Minneapolis observers continuam se aproximando de operações do ICE, mesmo diante de risco de prisão, violência e detenções. Em incidentes recentes, civis que observavam agentes de imigração foram atacados com jatos de substâncias químicas e tiveram veículos danificados durante abordagens perto de operações de retirada de imigrantes.

Em um caso, Brandon Sigüenza, cidadão norte-americano, e a colega Patty O’Keefe foram perseguidos por agentes após receberem alerta sobre a presença de agentes. Ao aproximarem-se, os agentes quebraram vidros do veículo, prenderam Sigüenza e o retiraram pela porta ainda destrancada, levando-os ao prédio federal BH Whipple, onde ficaram detidos por horas.

Sigüenza relatou que, durante a abordagem, foi informado de que precisava ficar em silêncio e que o veículo era alvo da ação. A dupla foi separada, colocada em veículos diferentes e encaminhada para o Whipple, base de observação de operações de imigração no entorno de Minneapolis.

Os observadores dizem ter sido submetidos a meios de contenção considerados violentos, como detenção, algemas e contato físico firme. Vários relataram acesso limitado a médicos, telefonemas e advogados, mesmo após a detenção.

Mesmo com episódios de violência envolvendo agentes, Sigüenza afirmou que continuará observando as ações das autoridades, destacando que a documentação pública pode permitir contestar acusações injustas e sustentar relatos de abuso, caso ocorram abusos.

Além de incidentes isolados, outros observadores relataram agressões durante prisões em frente ao Whipple. Um membro identificou ter sido ferido com imobilização dolorosa, enquanto outro descreveu agressões físicas e humilhação durante a detenção, sem explicações claras sobre a razão da abordagem.

A situação elevou o debate sobre a atuação de agentes de fronteira na região, com advogados destacando dificuldades de acesso a clientes detidos no Whipple. Há ações legais em andamento, incluindo processo coletivo que contesta práticas de detenção e a suposta dificuldade de comunicação entre defensores e clientes.

Em resposta, o Departamento de Segurança Interna (DHS) afirmou que a atuação de agentes busca cumprir o treinamento e a proteção de pessoas, negando tratamento inadequado a detidos. O órgão não detalhou perguntas sobre incidentes envolvendo observadores ou por que vidros de veículos foram quebrados durante as ações.
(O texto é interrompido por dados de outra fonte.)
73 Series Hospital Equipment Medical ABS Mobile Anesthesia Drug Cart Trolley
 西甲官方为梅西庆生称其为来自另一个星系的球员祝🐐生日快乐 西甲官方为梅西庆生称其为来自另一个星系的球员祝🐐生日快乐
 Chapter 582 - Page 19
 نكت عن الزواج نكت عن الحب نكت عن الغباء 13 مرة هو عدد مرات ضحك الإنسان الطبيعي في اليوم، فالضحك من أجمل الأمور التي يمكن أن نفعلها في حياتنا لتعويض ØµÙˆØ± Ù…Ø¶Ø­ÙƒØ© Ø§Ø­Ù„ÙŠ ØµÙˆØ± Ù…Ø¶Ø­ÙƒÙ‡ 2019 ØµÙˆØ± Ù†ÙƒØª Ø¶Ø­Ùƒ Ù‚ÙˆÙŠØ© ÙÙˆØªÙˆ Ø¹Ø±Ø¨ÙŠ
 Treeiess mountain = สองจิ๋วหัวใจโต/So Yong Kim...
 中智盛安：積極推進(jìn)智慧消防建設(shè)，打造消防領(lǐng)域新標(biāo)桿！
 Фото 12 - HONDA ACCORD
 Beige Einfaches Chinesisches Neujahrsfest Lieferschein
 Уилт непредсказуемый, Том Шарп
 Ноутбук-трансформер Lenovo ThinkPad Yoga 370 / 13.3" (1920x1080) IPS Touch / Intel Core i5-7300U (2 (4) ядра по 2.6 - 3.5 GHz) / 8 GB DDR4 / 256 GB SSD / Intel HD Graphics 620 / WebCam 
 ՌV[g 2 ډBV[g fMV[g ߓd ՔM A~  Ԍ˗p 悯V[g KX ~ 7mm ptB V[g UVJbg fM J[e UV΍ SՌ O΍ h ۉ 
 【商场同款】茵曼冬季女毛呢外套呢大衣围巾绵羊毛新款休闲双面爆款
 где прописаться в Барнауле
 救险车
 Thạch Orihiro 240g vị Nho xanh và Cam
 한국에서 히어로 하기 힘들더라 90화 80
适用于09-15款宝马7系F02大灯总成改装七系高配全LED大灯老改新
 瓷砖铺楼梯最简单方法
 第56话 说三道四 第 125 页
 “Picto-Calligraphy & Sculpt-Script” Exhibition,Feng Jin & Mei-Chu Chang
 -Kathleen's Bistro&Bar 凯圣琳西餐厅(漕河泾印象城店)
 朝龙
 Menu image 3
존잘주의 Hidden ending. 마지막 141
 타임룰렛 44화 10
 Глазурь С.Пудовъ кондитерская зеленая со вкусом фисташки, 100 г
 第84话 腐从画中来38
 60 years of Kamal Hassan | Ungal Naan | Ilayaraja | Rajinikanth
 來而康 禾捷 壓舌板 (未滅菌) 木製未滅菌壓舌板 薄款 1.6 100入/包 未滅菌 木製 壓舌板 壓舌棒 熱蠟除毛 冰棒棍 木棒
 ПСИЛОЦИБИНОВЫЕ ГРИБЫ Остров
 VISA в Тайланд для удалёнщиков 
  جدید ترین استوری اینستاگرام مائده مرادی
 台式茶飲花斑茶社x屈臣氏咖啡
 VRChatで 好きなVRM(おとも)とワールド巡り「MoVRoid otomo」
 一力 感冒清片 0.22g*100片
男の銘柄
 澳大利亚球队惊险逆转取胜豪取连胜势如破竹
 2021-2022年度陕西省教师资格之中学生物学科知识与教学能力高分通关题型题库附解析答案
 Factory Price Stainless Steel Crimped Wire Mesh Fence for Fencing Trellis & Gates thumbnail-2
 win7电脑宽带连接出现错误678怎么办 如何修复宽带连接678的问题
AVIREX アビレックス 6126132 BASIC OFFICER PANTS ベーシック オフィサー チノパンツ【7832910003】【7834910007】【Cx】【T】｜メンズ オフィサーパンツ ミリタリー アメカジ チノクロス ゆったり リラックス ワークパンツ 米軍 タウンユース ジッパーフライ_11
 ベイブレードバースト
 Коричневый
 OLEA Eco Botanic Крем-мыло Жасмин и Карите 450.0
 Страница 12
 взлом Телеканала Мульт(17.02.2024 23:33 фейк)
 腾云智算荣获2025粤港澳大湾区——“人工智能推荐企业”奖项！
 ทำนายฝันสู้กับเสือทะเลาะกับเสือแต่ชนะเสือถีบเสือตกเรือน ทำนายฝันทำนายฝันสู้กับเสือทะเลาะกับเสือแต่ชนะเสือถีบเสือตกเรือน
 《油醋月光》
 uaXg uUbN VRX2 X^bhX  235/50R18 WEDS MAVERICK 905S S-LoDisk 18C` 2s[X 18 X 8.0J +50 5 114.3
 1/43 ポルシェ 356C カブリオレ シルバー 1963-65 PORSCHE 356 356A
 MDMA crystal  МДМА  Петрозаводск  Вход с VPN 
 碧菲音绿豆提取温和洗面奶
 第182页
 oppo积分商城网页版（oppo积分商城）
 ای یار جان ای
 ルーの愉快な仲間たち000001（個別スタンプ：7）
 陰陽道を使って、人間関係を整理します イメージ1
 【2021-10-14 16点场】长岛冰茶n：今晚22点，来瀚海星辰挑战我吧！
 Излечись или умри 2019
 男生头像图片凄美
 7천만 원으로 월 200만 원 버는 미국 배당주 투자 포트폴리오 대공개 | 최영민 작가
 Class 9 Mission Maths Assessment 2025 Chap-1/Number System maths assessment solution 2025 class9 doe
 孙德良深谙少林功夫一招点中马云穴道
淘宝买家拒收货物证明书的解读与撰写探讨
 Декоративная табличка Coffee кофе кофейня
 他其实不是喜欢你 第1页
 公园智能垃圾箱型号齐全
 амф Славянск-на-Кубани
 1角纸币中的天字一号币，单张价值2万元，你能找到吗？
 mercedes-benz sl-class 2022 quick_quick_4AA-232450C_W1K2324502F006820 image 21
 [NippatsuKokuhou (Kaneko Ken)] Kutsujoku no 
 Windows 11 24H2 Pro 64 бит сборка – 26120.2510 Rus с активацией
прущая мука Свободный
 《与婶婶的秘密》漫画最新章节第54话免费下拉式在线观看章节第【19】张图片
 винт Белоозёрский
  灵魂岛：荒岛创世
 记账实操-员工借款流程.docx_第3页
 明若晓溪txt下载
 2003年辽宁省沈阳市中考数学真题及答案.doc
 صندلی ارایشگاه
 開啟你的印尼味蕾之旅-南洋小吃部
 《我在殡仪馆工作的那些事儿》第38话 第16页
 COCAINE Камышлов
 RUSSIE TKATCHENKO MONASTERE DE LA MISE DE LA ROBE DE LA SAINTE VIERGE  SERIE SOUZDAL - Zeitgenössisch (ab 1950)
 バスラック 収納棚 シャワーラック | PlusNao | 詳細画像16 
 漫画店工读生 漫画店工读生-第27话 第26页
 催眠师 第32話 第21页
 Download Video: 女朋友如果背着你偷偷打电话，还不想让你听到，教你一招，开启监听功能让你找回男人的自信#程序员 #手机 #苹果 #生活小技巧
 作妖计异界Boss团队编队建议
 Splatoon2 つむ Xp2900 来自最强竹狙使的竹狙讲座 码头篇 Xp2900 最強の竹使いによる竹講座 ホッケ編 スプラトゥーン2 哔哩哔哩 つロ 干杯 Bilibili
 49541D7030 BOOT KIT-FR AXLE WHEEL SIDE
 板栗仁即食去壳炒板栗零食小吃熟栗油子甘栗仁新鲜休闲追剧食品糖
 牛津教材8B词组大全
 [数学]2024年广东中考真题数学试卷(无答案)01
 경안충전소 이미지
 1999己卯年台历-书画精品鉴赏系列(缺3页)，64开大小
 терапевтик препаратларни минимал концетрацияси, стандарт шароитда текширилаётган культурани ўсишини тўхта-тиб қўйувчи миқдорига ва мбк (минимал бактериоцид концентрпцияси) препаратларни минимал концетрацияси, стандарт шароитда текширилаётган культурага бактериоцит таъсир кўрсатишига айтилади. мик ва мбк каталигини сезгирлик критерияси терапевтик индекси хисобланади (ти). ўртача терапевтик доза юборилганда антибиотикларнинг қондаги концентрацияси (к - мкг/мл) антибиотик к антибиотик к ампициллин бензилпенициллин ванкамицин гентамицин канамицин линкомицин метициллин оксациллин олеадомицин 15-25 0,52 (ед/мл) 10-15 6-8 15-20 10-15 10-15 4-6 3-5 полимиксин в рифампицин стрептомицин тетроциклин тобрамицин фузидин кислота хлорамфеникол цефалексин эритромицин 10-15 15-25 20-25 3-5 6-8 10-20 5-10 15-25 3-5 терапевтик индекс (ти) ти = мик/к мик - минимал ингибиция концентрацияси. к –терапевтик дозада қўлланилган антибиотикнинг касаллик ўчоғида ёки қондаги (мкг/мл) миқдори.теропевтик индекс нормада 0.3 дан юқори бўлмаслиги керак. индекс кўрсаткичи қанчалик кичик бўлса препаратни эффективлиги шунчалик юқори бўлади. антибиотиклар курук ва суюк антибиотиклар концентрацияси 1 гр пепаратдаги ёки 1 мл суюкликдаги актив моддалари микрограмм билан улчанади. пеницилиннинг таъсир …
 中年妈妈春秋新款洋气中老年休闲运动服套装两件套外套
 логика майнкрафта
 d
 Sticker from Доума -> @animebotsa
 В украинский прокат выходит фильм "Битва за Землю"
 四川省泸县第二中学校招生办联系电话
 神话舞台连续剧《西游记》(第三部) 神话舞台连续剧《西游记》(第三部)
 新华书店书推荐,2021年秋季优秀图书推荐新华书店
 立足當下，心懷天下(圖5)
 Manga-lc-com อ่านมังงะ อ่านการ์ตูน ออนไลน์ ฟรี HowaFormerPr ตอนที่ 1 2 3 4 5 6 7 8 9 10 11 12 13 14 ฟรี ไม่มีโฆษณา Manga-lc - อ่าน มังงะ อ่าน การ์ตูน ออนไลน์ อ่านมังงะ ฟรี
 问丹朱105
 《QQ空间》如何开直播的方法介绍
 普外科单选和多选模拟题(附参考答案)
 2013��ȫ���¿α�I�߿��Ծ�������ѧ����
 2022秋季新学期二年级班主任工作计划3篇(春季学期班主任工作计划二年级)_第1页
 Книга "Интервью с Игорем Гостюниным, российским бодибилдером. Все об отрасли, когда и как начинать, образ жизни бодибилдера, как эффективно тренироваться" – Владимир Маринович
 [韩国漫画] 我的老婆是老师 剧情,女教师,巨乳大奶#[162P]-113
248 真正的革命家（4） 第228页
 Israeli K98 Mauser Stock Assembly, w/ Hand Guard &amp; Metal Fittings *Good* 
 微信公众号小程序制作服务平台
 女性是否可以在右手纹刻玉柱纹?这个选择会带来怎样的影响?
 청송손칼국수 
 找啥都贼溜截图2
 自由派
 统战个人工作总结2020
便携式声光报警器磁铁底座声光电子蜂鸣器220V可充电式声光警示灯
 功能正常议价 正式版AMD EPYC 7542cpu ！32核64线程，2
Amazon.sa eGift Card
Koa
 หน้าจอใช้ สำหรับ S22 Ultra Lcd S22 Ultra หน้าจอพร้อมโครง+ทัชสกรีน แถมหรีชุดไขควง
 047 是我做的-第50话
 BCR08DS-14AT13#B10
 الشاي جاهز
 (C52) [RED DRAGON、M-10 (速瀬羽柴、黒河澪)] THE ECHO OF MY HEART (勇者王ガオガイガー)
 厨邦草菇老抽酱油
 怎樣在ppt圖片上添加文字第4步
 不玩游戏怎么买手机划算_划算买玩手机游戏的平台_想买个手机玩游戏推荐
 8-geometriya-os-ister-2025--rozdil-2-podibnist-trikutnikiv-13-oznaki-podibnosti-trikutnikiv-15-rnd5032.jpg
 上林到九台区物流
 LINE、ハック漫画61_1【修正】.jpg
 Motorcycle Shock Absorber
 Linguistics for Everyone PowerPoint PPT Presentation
Relatos de organizadores voluntários apontam que as táticas adotadas pelos agentes para intimidar observadores incluem alterações de comunicação, visitas a residências de participantes e retenções com poucos recursos. A prática de conduzir observadores a instalações como o Whipple tem sido objeto de questionamentos legais.

O caso também envolve ações de advogados e organizações de defesa dos direitos humanos, que apresentaram demandas para assegurar o acesso de defensores a clientes detidos. A investigação busca esclarecer padrões de uso de força e a condução de detenções em operações de fiscalização de imigração na região.